----- Source material -----
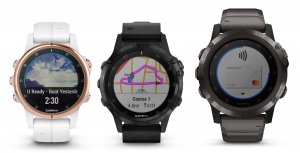 GARMIN  fenix 5 Plus:     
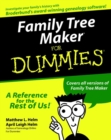 Family Tree Maker For Dummies - Book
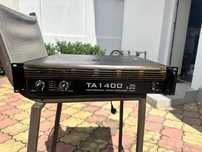Vand anplificator profesional made in usa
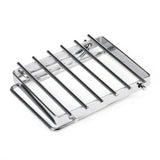 Picnic Folding Multifunctional Campfire Grill Portable Stainless Steel Grill Grate Outdoor Camping Hiking Gas Stove Stand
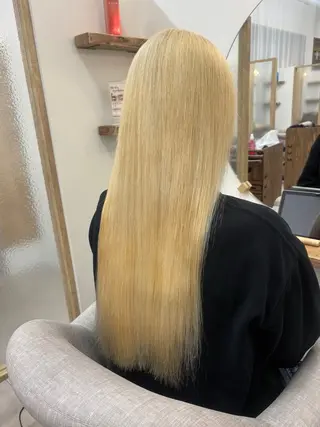 ロング カラー Haruka ハルカのヘアスタイル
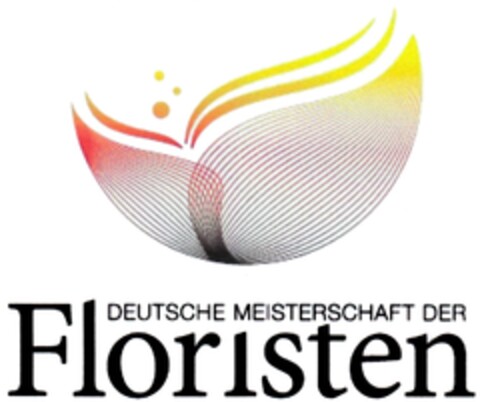 DEUTSCHE MEISTERSCHAFT DER Floristen Logo (DPMA, 02/27/2012)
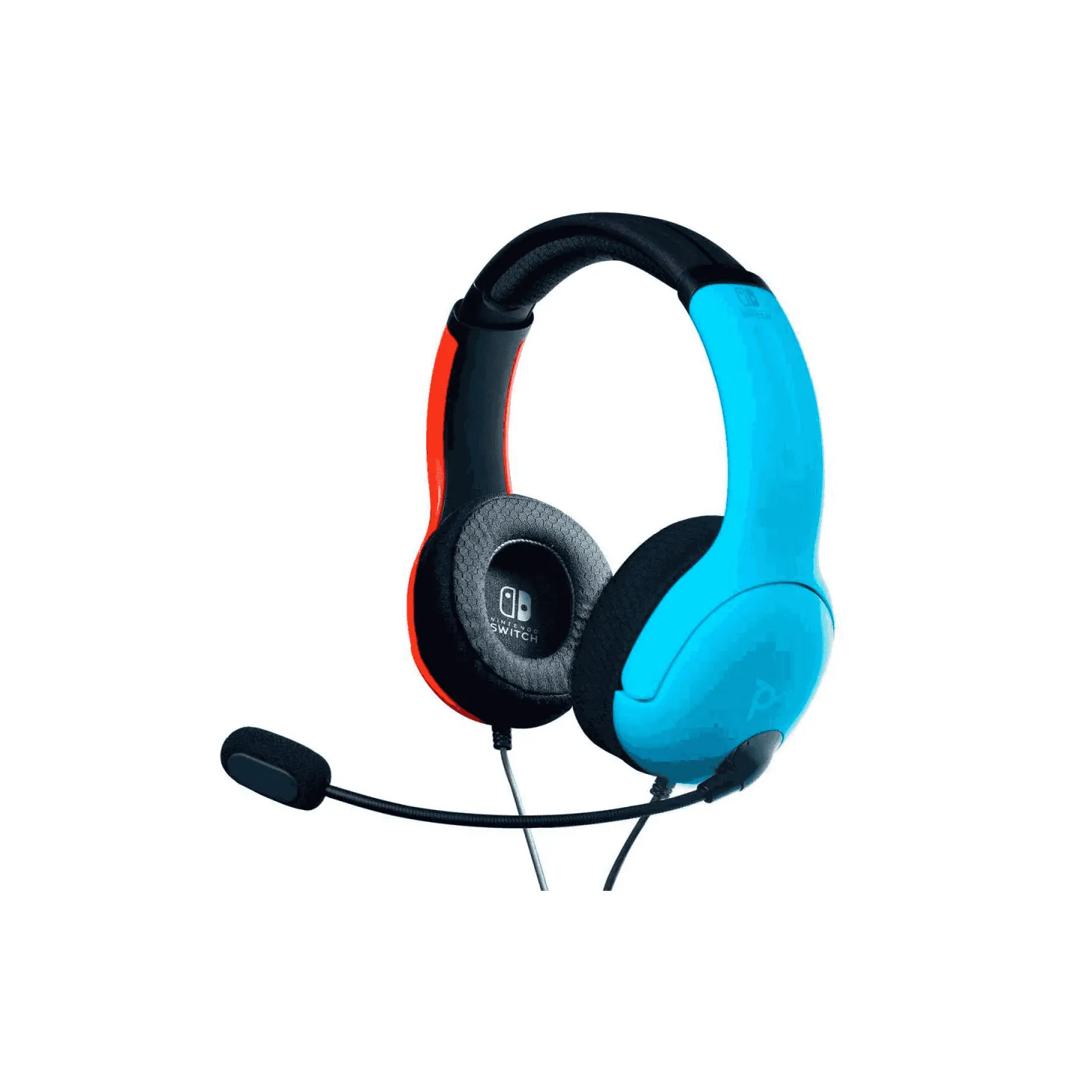 Auriculares Wired Stereo LVL40 Azul/Rojo - Switch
-----
• _Exercise prompt_: Only the lines from the one that contains "ロング カラー Haruka ハルカのヘアスタイル" through the last line of the records may appear in the answer, retyped exactly and with no pictures.

• _Written answer_:
 ロング カラー Haruka ハルカのヘアスタイル
 DEUTSCHE MEISTERSCHAFT DER Floristen Logo (DPMA, 02/27/2012)
 Auriculares Wired Stereo LVL40 Azul/Rojo - Switch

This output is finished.